For over 15 years, Jadamec has studied the Alaskan subduction zone, where two huge pieces of the Earth’s rigid outer layer — the North American Plate and the Pacific Plate — are converging. In this region, the Pacific Plate is being forced under the North American Plate.

“If you imagine the Earth to be an orange, the tectonic plates are the outermost layer, like a peel that’s broken. These plates are floating on the mantle and moving in different directions. In the Alaskan subduction zone, you have two plates that are moving toward one another with enormous force,” says Jadamec, PhD, an assistant professor of geology in the UB College of Arts and Sciences and a faculty member in the university’s Computational and Data-enabled Science and Engineering Program.

She explains that as the tectonic plates press against each other, their complex, 3-D geometries mean that the Earth is strained in different ways, with some areas getting compressed (a compressional quake) and others stretching out (an extensional quake).

“In the region of south central Alaska where the Nov. 30 earthquake occurred, the shape of the plate boundary varies in three dimensions,” Jadamec says. “This can lead to faults in multiple directions, allowing for both compressional events as well as what the initial data indicate is an extensional event for the Nov. 30 earthquake.”

She says initial data suggest that the Nov. 30 earthquake occurred inside the downgoing Pacific Plate.

“In this part of Alaska, the 44-kilometer depth of the Nov. 30 earthquake calculated by the U.S. Geological Survey suggests the event occurred inside the Pacific Plate, near where my subduction models define the plate interface. Here, the Pacific Plate is curved, like a very broad flat-topped hill spanning several hundred kilometers across. The Nov. 30 event appears to have occurred just to the west side of that arc within the Pacific Plate,” Jadamec says.

Historically, the Alaska subduction zone is known for its large earthquakes, where the Pacific and North American plates scrape against each other violently as one slides suddenly over the other in the subduction zone. This scenario generates megathrust earthquakes, such as the Great Alaskan earthquake, which took place farther southeast within the subduction zone in 1964 and is listed by the U.S. Geological Survey as the second-largest earthquake recorded in the world.

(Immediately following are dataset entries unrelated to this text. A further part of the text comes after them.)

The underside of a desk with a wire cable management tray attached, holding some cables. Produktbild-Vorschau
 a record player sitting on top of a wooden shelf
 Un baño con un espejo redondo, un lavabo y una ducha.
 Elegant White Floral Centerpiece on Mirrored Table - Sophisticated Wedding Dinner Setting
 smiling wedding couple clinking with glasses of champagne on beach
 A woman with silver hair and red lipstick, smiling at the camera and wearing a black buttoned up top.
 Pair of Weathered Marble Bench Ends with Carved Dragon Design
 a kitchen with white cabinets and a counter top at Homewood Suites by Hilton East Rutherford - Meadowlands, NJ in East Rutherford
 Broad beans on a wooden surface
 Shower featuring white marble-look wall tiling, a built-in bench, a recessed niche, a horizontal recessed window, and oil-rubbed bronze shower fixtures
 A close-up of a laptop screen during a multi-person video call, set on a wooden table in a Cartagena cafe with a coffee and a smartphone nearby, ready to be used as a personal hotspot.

“Unlike the 1964 megathrust event, the Nov. 30 event was likely caused by normal faulting within the Pacific Plate, which suggests that part of the Pacific Plate was stretching apart. How the dynamics of this event fit into the larger compressional tectonics of the subduction zone is now actively being examined," Jadamec says.

Jadamec’s research is at the forefront of understanding the three-dimensional dynamics of subduction zones. Alaska is a major focus of her work, and her research group has created 3D visualizations of the Alaskan subduction zone that show the shape of the Pacific Plate as it descends into the Earth’s mantle beneath the North American Plate:

Visualizations (see end of videos for credits and requirements for reuse):

“3D visualization is a cutting-edge area of research. It’s really useful in understanding the deformation of the Earth, especially in areas like the Alaskan subduction zone where the situation is complicated in three dimensions,” Jadamec says. “There are a lot of tectonic processes happening there that don’t fit into a simple two-dimensional paradigm.”

As the focus of Jadamec’s work is on the large-scale, long-term dynamics of subduction zones that provide the regional tectonic framework, she does not have the expertise to discuss shorter-term effects such as the likelihood and potential strength of aftershocks in the Anchorage area.